■ **Exercise**
Among the entries below, the lines from the one with "a view of a kitchen" up to and including the one with "Canvastavla Modern walk" are to be restated exactly, without pictures.
[[ Extracted material, beginning ]]
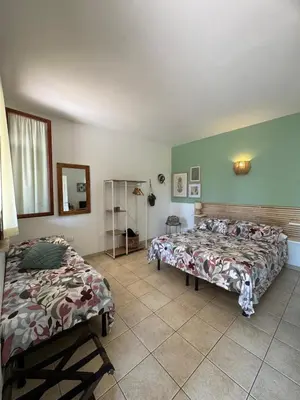 Letto o letti in una camera di Agriturismo Corte San Girolamo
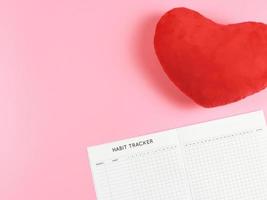 flat lay of habit tracker book with  red heart shape pillow on pink  background with copy space. photo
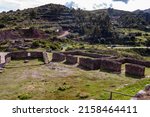 Small photo of A beautiful view of the Puka Pukara Inca Archaeological Complex with its stone walls in Cusco, Peru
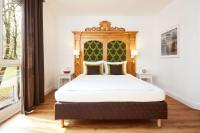 Una cama con cabecero de madera en una habitación. en Hotel Prinzregent München Messe, en Múnich
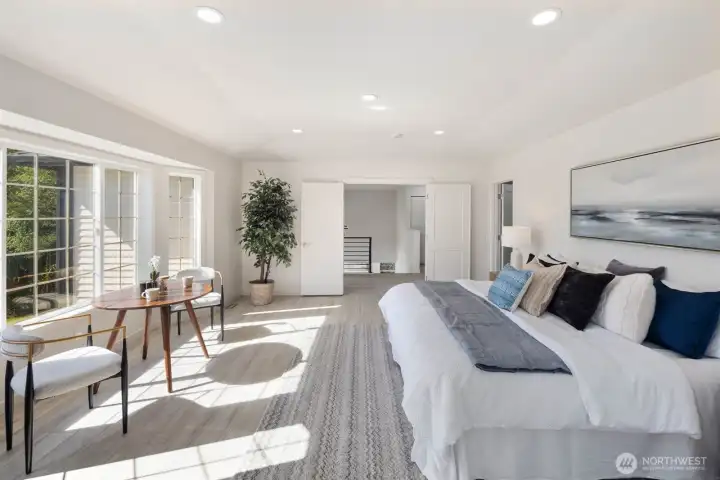 Expansive primary suite w/views. Expansive primary suite w/views.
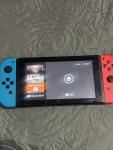 Nintendo Switch Console with Blue and Red Joy-Cons
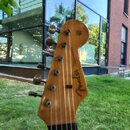 Detail hlavy elektrické kytary z dřeva s přirozeným povrchem. Na zadní straně je vidět logo Fender a nápis STRATOCASTER. Jsou zde šest ladicích kol v…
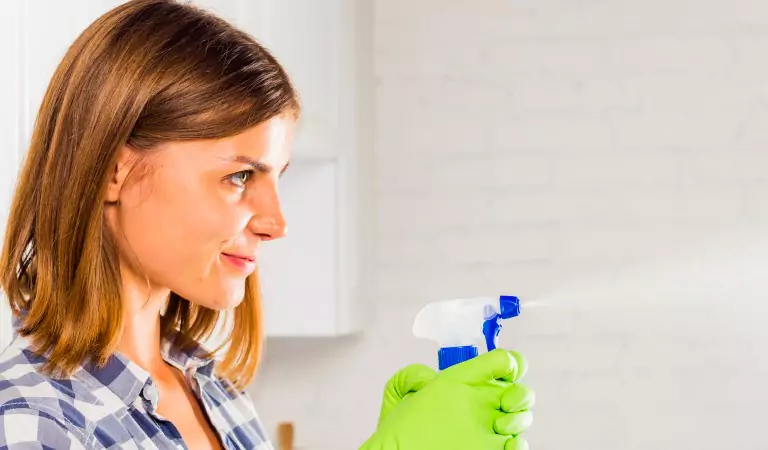 woman with a cleaning spray ready to clean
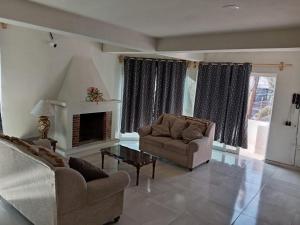 a living room with two couches and a fireplace at Mi Casa Morelia in Morelia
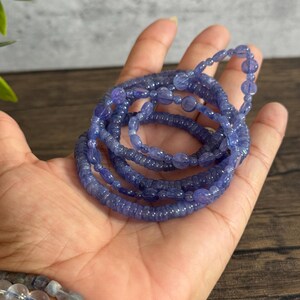 Puede incluir: Un conjunto de pulseras de piedras preciosas azules hechas de peque&ntilde;as cuentas redondas. Las pulseras est&aacute;n apiladas una encima de la otra y se sostienen en una mano.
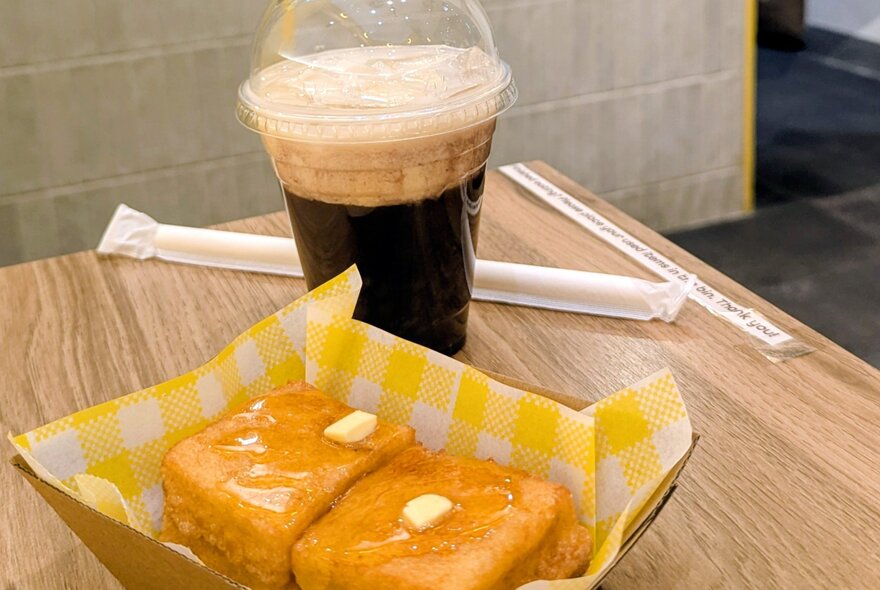 Hong Kong-style French Toast served in a cardboard tray with yellow paper lining, on a table next to an iced coffee.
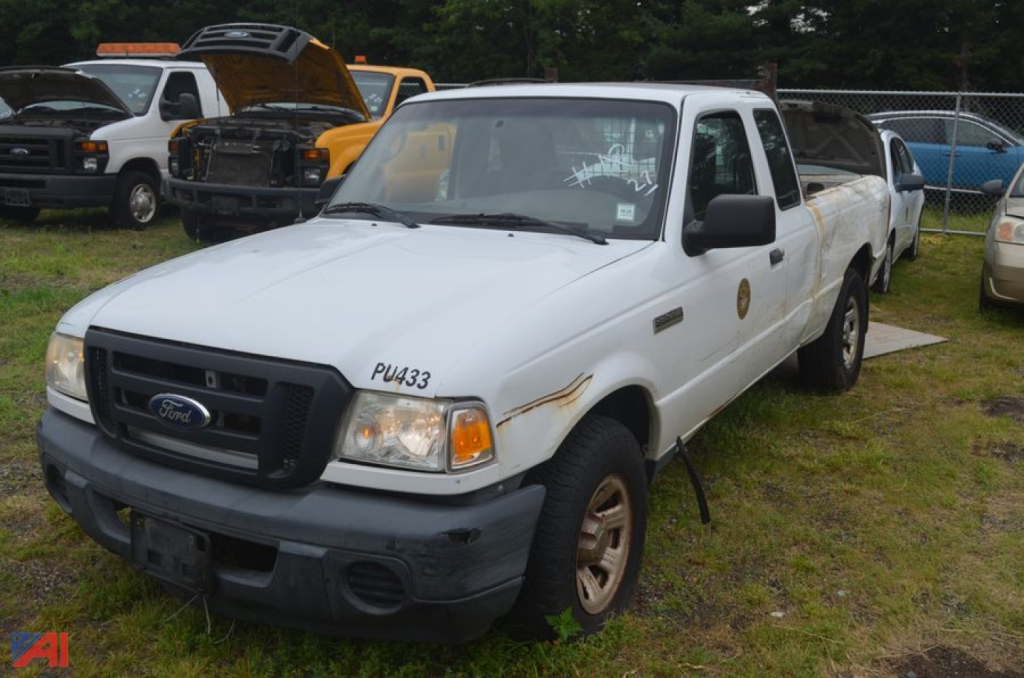 2011 Ford Ranger extended cab pickup truck in white, front left view, with damaged bumper and rust spots, side badge visible, utility yard background.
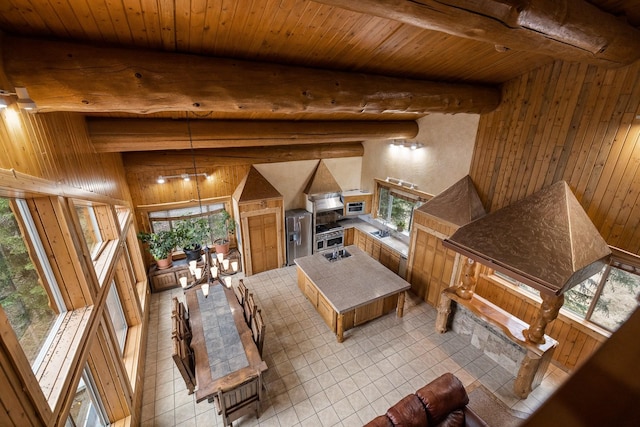 3700 Glen Lake Rd, Eureka, MT 59917 - living room with wooden walls, a wooden ceiling with exposed beams, and light tile patterned flooring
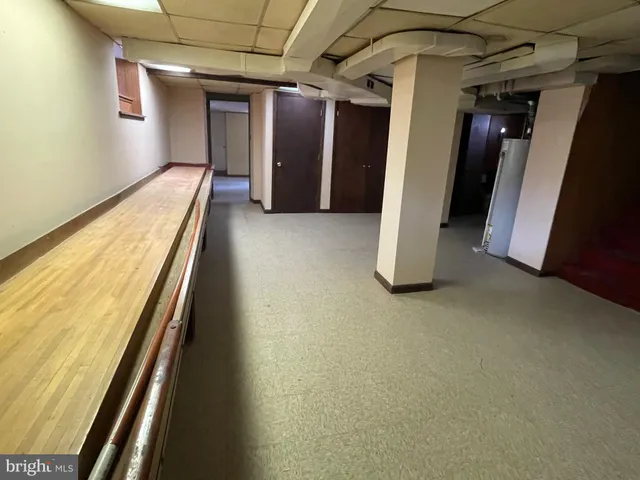 a view of a hallway with stairs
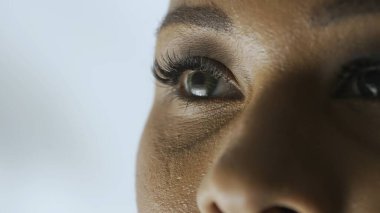 Görme bakımı, göz sağlığı hizmetleri konsepti. Kadın modelin makro görüntüsü. Afro-Amerikalı kadın kırpık suratlı, yeşil gözlü, kameradan başka yöne bakan.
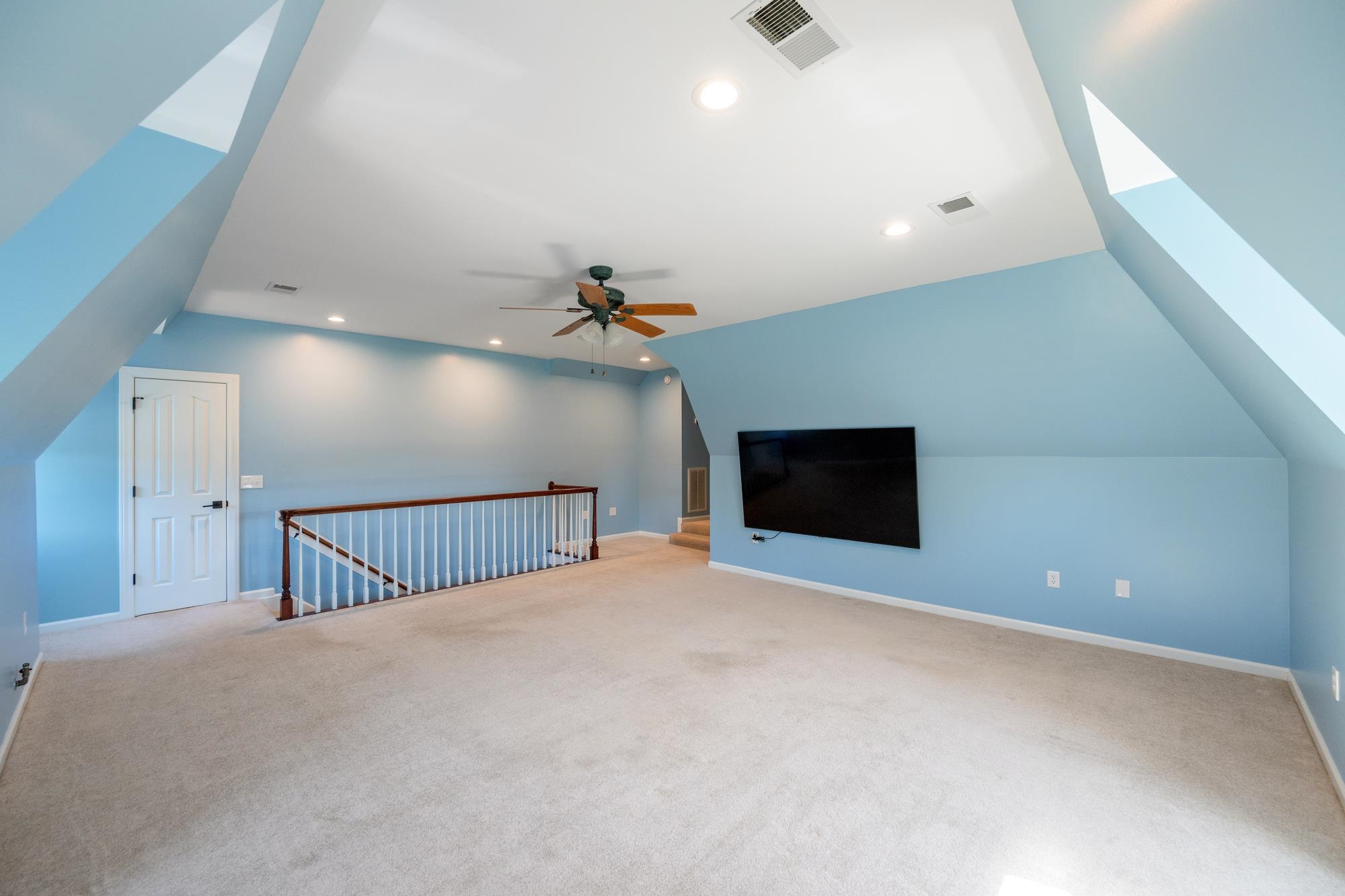 599 DT Vise Loop Parsons, TN 38363 - Photo 32 of 40 Bonus room with vaulted ceiling, carpet, and recessed lighting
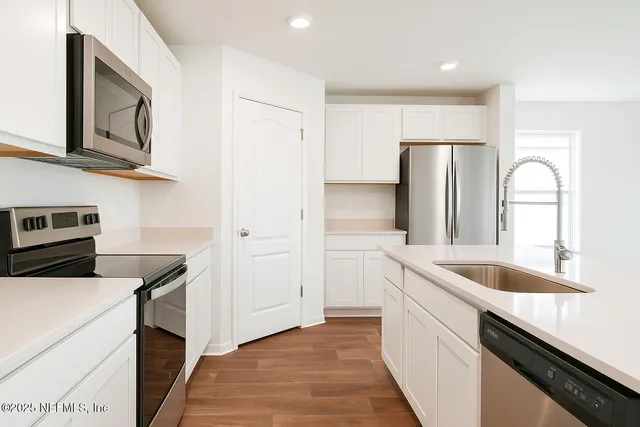 a view of a kitchen with wooden floor and electronic appliances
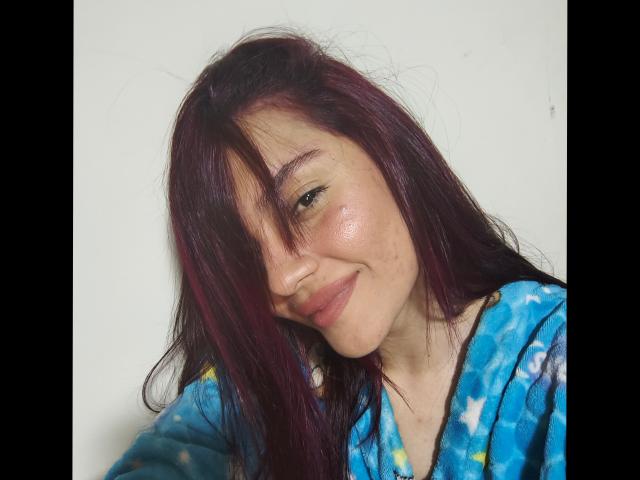JulietaFoster69 with dirty purple hair, smiling slightly, wearing a blue tie-dye shirt, has a cute face and shiny skin, looking to the side with a relaxed expression.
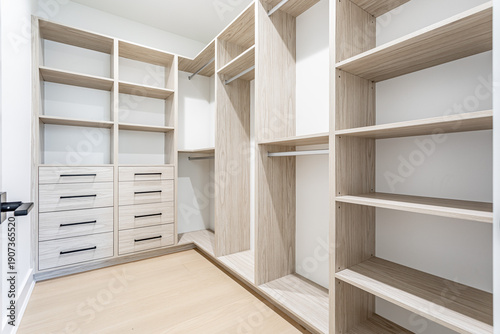 Canvastavla Modern walk in closet interior with custom wooden shelving, drawers and organize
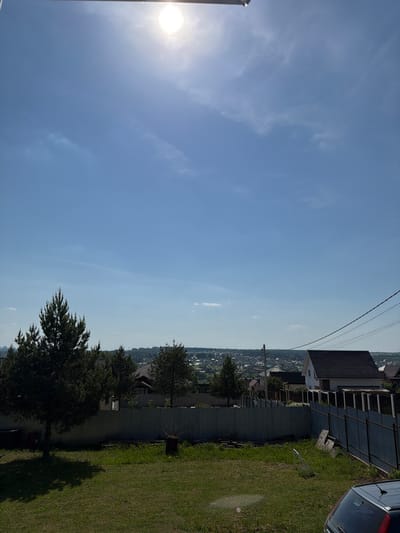 The photograph depicts a residential area on a sunny day. A house with a dark roof is visible, alongside a metal fence. Green grass covers the ground adjacent to the house. In the background, a cityscape stretches into the distance under a blue sky with scattered clouds. Utility poles and wires are visible above the houses. Based on location data, this scene is in Ягул, Russia. A blue car is parked to the right of the frame.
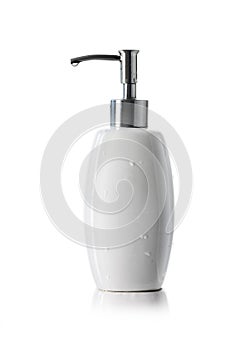 white ceramic bottle with dispenser pump for liquid soap, shampoo or gel isolated on white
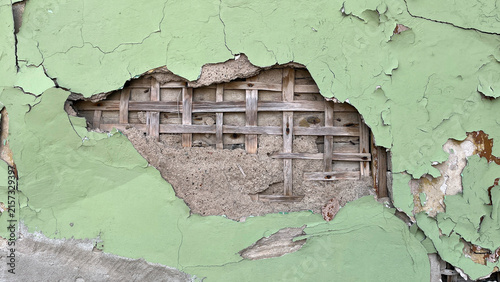 Obraz na plátně Close‑up of a weathered green plaster wall with extensive peeling paint and cracked render, exposing traditional wooden lath and deteriorated masonry beneath, revealing historic construction details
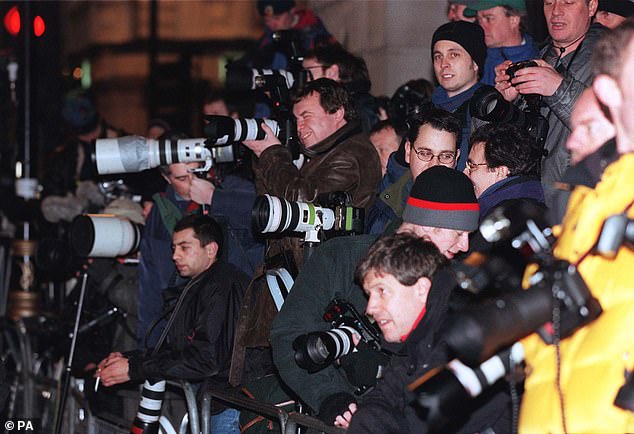 The photographers were stacked up three deep for the royal photocall, which featured on all of the front pages the following day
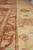 Guard stripes and main border shown close, burgundy inner band beside cream floral outer band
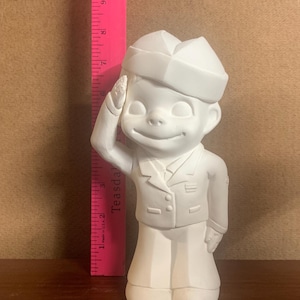 May include: White ceramic figurine of a person in a sailor uniform saluting. The figurine is approximately 18 cm tall.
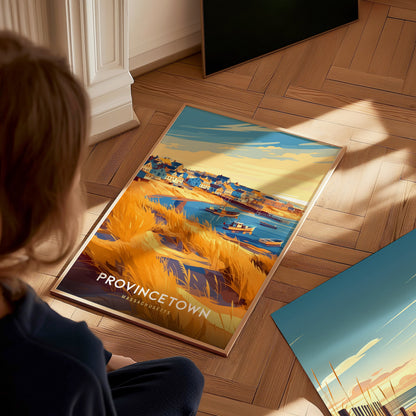 A child sits on a wooden floor, gazing at a framed travel print of Provincetown, depicting a vibrant harbor scene with colorful houses, boats, and golden grass under a bright sky. The artwork captures the lively essence of a seaside town.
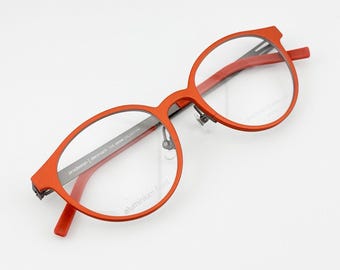 May include: Red-framed eyeglasses with a round shape and clear lenses. The glasses have a modern design with a thin frame and a bridge. The text "prodesign denmark THE AXION COLLECTION" is printed on the arm. The text "aluminium front" is printed on the lens.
[[ Extracted material, end ]]
■ **Exercise answer**
 a view of a kitchen with wooden floor and electronic appliances
JulietaFoster69 with dirty purple hair, smiling slightly, wearing a blue tie-dye shirt, has a cute face and shiny skin, looking to the side with a relaxed expression.
 Canvastavla Modern walk in closet interior with custom wooden shelving, drawers and organize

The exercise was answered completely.